In all the above numerical examples, the partial derivatives \(F_{i,j}^x , \,F_{i,j}^y \) and \(F_{i,j}^{xy} \) at the data cites are computed by the derivative approximation scheme [15].

6 Conclusion

In this study, alternate schemes are developed to preserve the positive and monotone shapes of the 3D regular surface data. The proposed schemes use \(GC^{1}\) bi-quadratic trigonometric interpolating function (4) for interpolation. The ranges of the free parameters are worked out to preserve the shape of the data.

The shape-preserving interpolation schemes developed in this research paper are \(GC^{1},\)local, applicable to all sorts of data (uniform and non-uniform).
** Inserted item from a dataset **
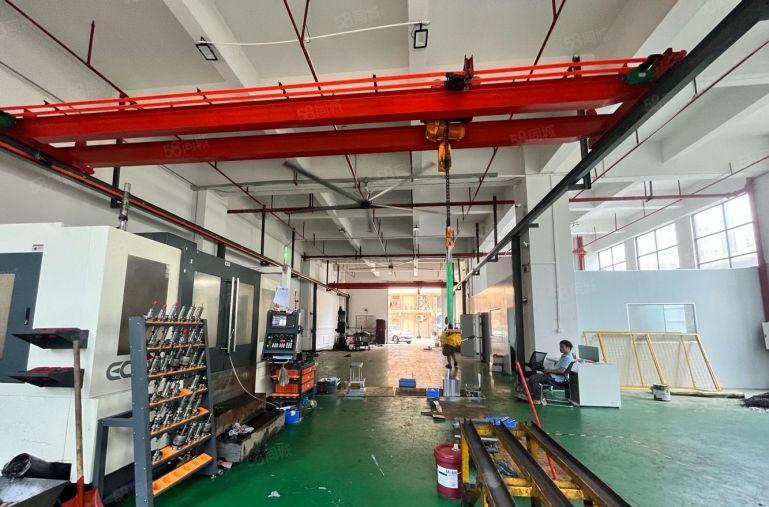 长安乌沙一楼300平 400平厂房出租 模具 五金 临只界圳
The degree of the interpolant is unique over the whole domain. Smoothness of the interpolated shape-preserving surfaces is independent of the choice of the free parameters due to trigonometric basis functions.

The comparison of the CPU time consumption of the shape-preserving \(GC^{1}\) bi-quadratic trigonometric interpolation schemes developed in Sect. 4 to [15] and [14] is given in Table 5. Tables 6, 7, 8 and 9 are the numerical results of Figs. 5, 11, 17 and 23 respectively.